Truex called the contact “unfortunate” in a session with reporters Thursday.

“It was just kind of one of those racing deals where it was obviously really close,” Truex said. “It was pretty much going to be the pass for the win in my eyes. I feel like in that moment, we both made a split-second decision and tried to anticipate or think about what the other one would do, and I think we both guessed wrong, to be honest with you.

“Just really close, obviously, nobody’s fault. I don’t think you can really put blame on one guy. Just kind of a racing deal that was unfortunate for both of our teams.”

Elliott said he must do a better job when leading to avoid situations like last weekend.

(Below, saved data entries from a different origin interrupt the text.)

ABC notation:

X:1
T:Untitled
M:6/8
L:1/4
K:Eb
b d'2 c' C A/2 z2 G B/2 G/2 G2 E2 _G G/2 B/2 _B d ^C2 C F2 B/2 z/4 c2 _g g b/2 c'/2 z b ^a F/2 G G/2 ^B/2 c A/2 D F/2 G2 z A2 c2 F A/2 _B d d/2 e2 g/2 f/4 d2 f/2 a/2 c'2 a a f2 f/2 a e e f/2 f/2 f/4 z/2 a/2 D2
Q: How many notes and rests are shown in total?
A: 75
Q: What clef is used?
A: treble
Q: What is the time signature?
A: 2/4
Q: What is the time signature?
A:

“The way I look at those situations is this, I think the people who win in this series and win a lot don’t find themselves in the tough positions that we were in on Sunday night because they don’t let the guy in second ever get to that point to have a chance,” Elliott said.

“The way I view it is I can’t control what a guy does when he’s up next to me, and he can’t control what I’m going to do. But I can certainly control my decision prior to something like that happening to do a better job in extending the gap to that person behind you to where they don’t have that opportunity to be up there by you to make a mistake or to run you over, whatever the situation may be.

“I’m a believer in that, and I certainly think that I could do a better job in extending the lead in that situation to not allow an opportunity to present itself. That is the focus that I have moving forward is just trying to be better, be faster and get far enough away from the people behind you where they can’t get to you.”